===== INPUT FOR THIS TASK =====
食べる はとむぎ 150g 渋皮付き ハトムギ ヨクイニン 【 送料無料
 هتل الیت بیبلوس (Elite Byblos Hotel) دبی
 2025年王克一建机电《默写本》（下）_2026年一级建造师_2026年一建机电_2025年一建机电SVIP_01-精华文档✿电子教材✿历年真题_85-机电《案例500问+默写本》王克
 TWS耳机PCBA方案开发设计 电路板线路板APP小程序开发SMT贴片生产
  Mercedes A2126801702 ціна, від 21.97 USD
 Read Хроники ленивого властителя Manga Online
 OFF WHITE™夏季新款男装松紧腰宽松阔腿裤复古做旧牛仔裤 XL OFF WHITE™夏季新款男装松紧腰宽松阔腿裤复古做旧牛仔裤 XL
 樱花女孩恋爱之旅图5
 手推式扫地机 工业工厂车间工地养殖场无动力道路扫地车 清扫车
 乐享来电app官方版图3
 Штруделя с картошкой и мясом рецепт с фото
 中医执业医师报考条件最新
=====
TASK BRIEF: Would you restate the material above word for word?

TASK RESPONSE:
食べる はとむぎ 150g 渋皮付き ハトムギ ヨクイニン 【 送料無料
 هتل الیت بیبلوس (Elite Byblos Hotel) دبی
 2025年王克一建机电《默写本》（下）_2026年一级建造师_2026年一建机电_2025年一建机电SVIP_01-精华文档✿电子教材✿历年真题_85-机电《案例500问+默写本》王克
 TWS耳机PCBA方案开发设计 电路板线路板APP小程序开发SMT贴片生产
  Mercedes A2126801702 ціна, від 21.97 USD
 Read Хроники ленивого властителя Manga Online
 OFF WHITE™夏季新款男装松紧腰宽松阔腿裤复古做旧牛仔裤 XL OFF WHITE™夏季新款男装松紧腰宽松阔腿裤复古做旧牛仔裤 XL
 樱花女孩恋爱之旅图5
 手推式扫地机 工业工厂车间工地养殖场无动力道路扫地车 清扫车
 乐享来电app官方版图3
 Штруделя с картошкой и мясом рецепт с фото
 中医执业医师报考条件最新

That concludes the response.